1600
It's impossible to pinpoint the specific factors of why the year 1600 marked the start of one of the worst periods in human history because there are so little historical documents from that period to go on. It was the Little Ice Age, which began in 1600 with the eruption of the volcano Huaynaputina in Peru, while current research points to a major population decline following the arrival of Europeans in the New World as another possible explanation. It caused unusually cold weather in numerous parts of the world, including China, Korea, Japan, practically all of Europe, and parts of Africa and the Americas. Unlike many of the other periods on this list, this one spanned practically the whole known world and lasted decades, producing massive societal upheaval and suffering.

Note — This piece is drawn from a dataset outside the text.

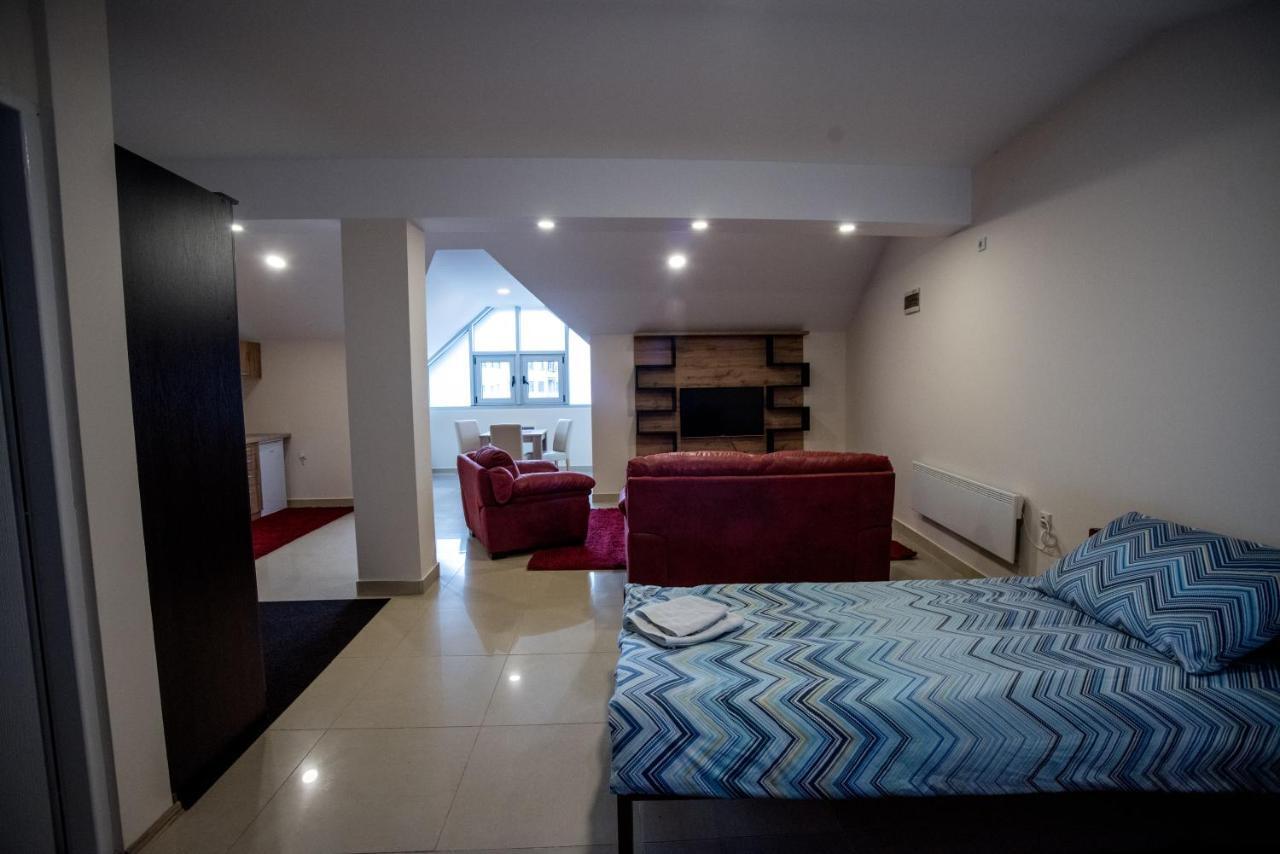 City Center Apartments Pirot Zewnętrze zdjęcie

This worldwide temperature drop would serve as the foundation for all of the world's catastrophic events in the 17th century. It resulted in a severe drop in summer temperatures in China, causing widespread crop failure and illnesses throughout the country. This would eventually lead to the Ming dynasty's demise in 1644 as a result of a peasant insurrection spurred in large part by widespread food scarcity and social unrest. The similar thing occurred in other places of Asia. In 1670, for example, a drought killed 20% of Korea's population.

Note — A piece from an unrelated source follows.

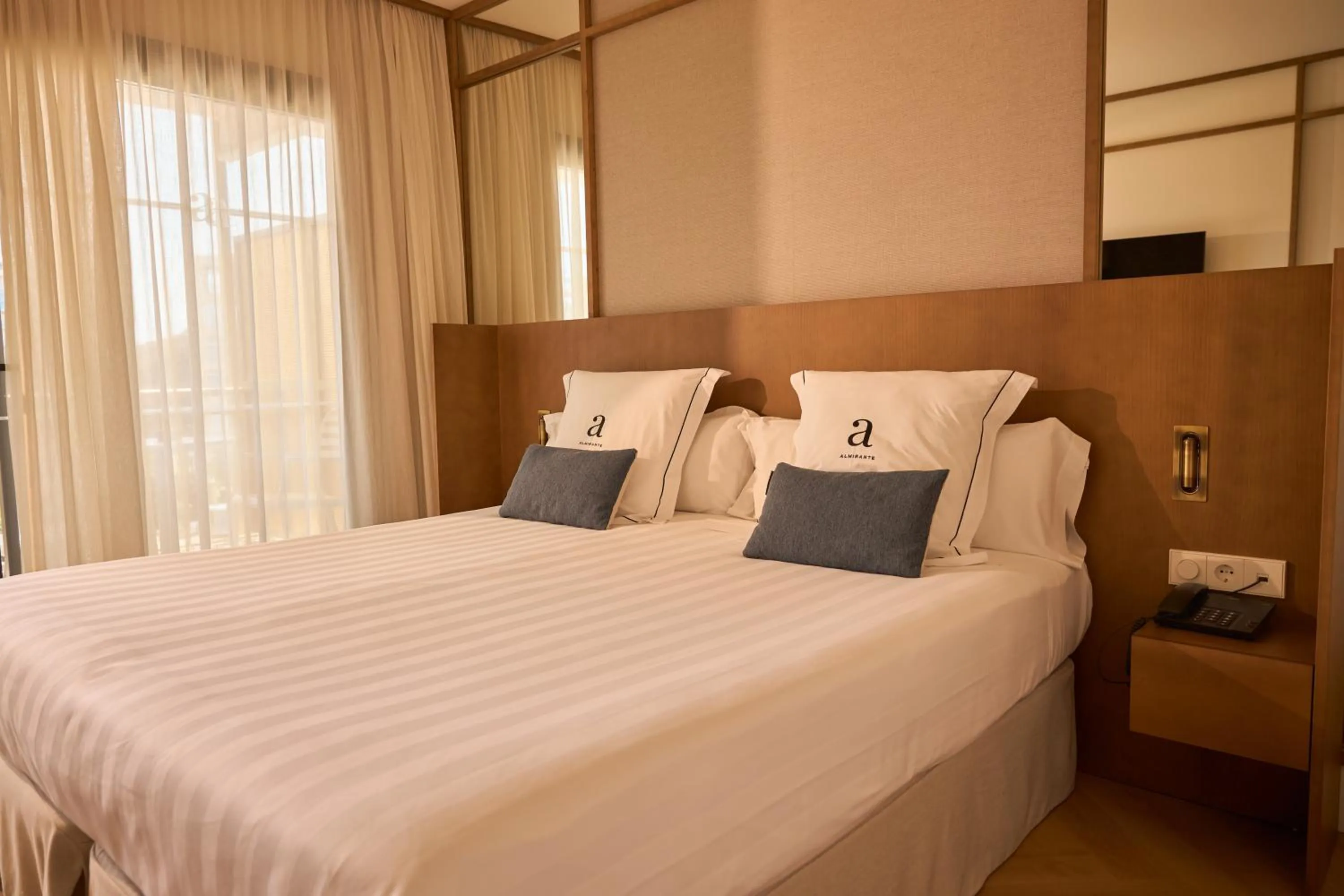 Premium Double or Twin Room in Hotel Almirante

There were frosts in Europe during the summer months virtually the entire century, resulting in rebellions, infectious disease outbreaks, and famine, which eventually translated into war and societal upheaval not witnessed in the relatively wealthy years of the previous several decades. According to some records, civil conflict and famine in Ireland claimed over 500,000 lives over the course of about a decade in the 1650s.
This was also the century of Europe's Thirty Years' War, one of the most terrible religious confrontations in human history, which was directly fueled by the starvation and extreme temperatures of the ice age. While there are too many long-term repercussions to list here, estimates imply that the diseases, conflicts, famines, and civil wars produced by this global cooling event killed roughly one-third of the known global population at the time.